How closely do you work with suppliers?

Eric Parry Very closely, and that dialogue is what makes projects ‘live’. There are examples where we’ve done a job and then the manufacturer has gone bust – it happens. The world of contracting and fabrication is a tough one and sort of a generational cycle. So, because of that, recording all the information about how, for example, a façade system worked is incredibly important for another generation of makers to be able to use.

The relationship with manufacturers is incredibly intimate, in the sense of being aware of all the potential issues, and being a way for people to improve their methods. For example, going to the quarry when specifying stone and seeing the quality of the material, because with natural materials you never know what’s coming next.

Hannah Tourell We’re lucky to have a good relationship with façade consultant FMDC. They produce material booklets for us, which is a really useful resource for referencing purposes. We also record the challenges we come across with various manufacturers. We always feed back to them, and then they take that into consideration for future projects.

It’s a nice process of collaboration and learning together; working out how we can better specify. FMDC has worked with suppliers and then they’ve helped us learn how to better specify. And now, we’re going to use all that information and have a much smoother journey because we have this resource and we can have better conversations at earlier stages with contractors and subcontractors.

Buildings.

Shot-peened stainless steel lettering from Tuchschmid used for St Martin-in-the-Fields, London.

Eric Parry Our relationship with FMDC is very important and goes back a very long time to when the founding director worked at Arup, and I was really determined to have a self-supporting stone elevation on a building that’s now 25 years old at Pembroke College, Cambridge. And we’ve worked with them on almost every project since. It’s a continuous run that essentially means we have about 20 years of common, parallel experience, which is incredibly valuable.

I use the analogy of turning over a Persian rug: when you turn it over, you see the stitch and you can appreciate the dye. To see the work that’s gone on, you need to turn it over. I believe that with architecture, you need to be able to understand the story through the materials and their use in order to have a critical attitude to the problem. We’re not involved in stage design. These buildings, for instance, the City of London Police building at Salisbury Square, have a 125-year life. All our detailing has to work to that. It’s interesting to have these questions of longevity and buildings in mind.

Buildings.

Hot-forged steel from CB Arts, which has been galvanised, painted and lacquered, and used as a study for Charterhouse, London.

What material are you excited to use next? 

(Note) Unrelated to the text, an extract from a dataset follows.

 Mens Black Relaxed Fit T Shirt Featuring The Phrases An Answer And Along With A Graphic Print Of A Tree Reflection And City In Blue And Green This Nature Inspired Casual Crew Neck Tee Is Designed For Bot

Eric Parry What’s really exciting is the combination of components at Salisbury Square. We’ve got the exoskeleton building for the City of London Police, plus an adjacent law courts building (an 18-court complex in stone) facing Fleet Street, and then the third building, which is employing ram-pressed, unglazed terracotta. That’s taken us to a really interesting point with research, building on what we have already done with faience.

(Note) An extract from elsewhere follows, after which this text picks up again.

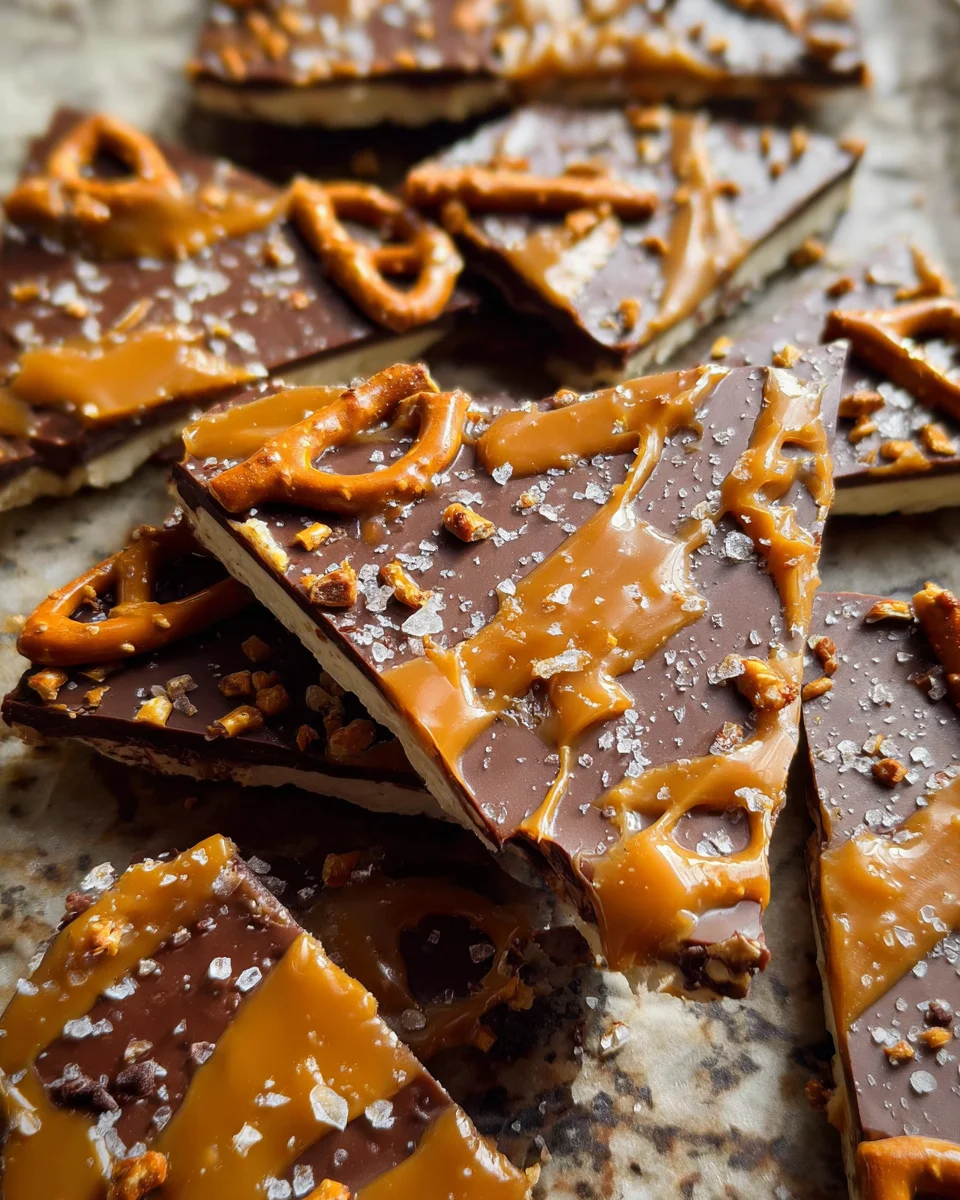 Sea Salt Caramel Pretzel Bark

We’re working with an American supplier, Boston Valley Terracotta for this, and undertaking a research project with them exploring the glazed and unglazed terracotta faience elements that they’re producing. Together, we’re also examining the relationship of faience and ‘growth’ – integrating terracotta with a green wall; letting the ceramic morph into something else to reflect the quality of the growth of lichen that has been involved with the unglazed faience.